Phenomena-based Science Instruction Creates Equitable Learning Environments
As a subject, Science can be one of the most equitable topics taught in the elementary classroom. Race, culture, and socio-economic status can affect how prepared a student is to gain literacy or math skills, but phenomena-based instruction that pulls directly from the observable world around students puts all students on equal footing.
“Centering science lessons on phenomena that are universal — like light — or deeply rooted in a region’s culture or location … can make science more relevant and interesting for students. But they can also have a powerful role in building equity, since all students begin with something they know,” said Catherine Gewertz in her March 2020 Edweek article, The Art of Making Science Accessible and Relevant to All Students.

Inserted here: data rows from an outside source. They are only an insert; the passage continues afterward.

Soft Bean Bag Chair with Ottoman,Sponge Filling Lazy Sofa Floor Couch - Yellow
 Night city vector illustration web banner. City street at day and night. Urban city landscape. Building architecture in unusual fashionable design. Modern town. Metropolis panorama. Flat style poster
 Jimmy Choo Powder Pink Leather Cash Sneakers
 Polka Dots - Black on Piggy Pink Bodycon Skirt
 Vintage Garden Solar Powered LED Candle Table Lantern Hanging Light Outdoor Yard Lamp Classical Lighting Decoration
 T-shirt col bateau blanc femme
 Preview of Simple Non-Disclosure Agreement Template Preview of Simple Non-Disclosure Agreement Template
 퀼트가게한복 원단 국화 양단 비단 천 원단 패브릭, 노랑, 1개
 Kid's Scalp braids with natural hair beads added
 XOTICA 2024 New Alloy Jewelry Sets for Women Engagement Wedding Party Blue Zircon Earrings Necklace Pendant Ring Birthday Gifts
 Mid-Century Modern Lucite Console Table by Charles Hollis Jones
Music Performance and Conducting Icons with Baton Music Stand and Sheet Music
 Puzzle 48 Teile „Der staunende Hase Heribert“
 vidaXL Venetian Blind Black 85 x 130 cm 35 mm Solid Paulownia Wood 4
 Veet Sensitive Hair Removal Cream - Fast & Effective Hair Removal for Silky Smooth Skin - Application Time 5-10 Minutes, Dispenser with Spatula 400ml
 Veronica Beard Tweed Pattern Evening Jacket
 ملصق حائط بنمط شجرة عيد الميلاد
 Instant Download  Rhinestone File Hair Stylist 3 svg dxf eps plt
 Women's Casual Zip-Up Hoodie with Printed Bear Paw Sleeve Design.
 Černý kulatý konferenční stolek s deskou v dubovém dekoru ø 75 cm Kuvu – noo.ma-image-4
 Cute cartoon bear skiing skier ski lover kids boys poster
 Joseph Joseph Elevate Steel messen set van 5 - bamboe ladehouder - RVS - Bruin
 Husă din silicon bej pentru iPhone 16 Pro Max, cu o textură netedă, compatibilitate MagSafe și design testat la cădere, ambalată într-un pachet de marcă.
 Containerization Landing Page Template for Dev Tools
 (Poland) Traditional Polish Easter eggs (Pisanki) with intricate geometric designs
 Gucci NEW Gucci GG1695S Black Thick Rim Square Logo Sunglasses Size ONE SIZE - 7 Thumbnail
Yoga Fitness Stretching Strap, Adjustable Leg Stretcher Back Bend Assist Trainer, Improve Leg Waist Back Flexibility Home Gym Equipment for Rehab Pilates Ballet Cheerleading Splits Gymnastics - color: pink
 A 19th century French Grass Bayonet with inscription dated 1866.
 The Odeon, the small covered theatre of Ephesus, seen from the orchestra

Starting from something children already know makes science accessible and exciting to all students. It also helps them learn “by giving them a base to which they can ‘attach’ new knowledge,” explained Brett Moulding, one of the authors of the Next Generation Science Standards, in the same EdWeek article.
But this may be a new and different way of teaching for many current educators.
Even Peter McLaren, NGSS author and trainer, had to relearn science instruction methods. “As a science teacher, I was trained to look at topics and facts,” he said in Gewertz’s article, adding that starting with questions about natural phenomena “is a big change, and a lot of teachers are having a hard time with it.”
Still, phenomena-based science instruction helps develop the skills students need to navigate their world today.
Thus, many states are aligning their science standards to NGSS or its Framework for K-12 Science Education. This necessitates changes at both the district and school levels, and often curriculum specialists must train classroom teachers how to replace instruction and assessments to be phenomena-centered.
“Instead of questions that ask students to just explain condensation, we now have things like, ‘There’s liquid on the outside of a glass. What causes that to happen?’” Tiffany Neill, Oklahoma’s executive director of curriculum and instruction, explained in Gewertz’s article.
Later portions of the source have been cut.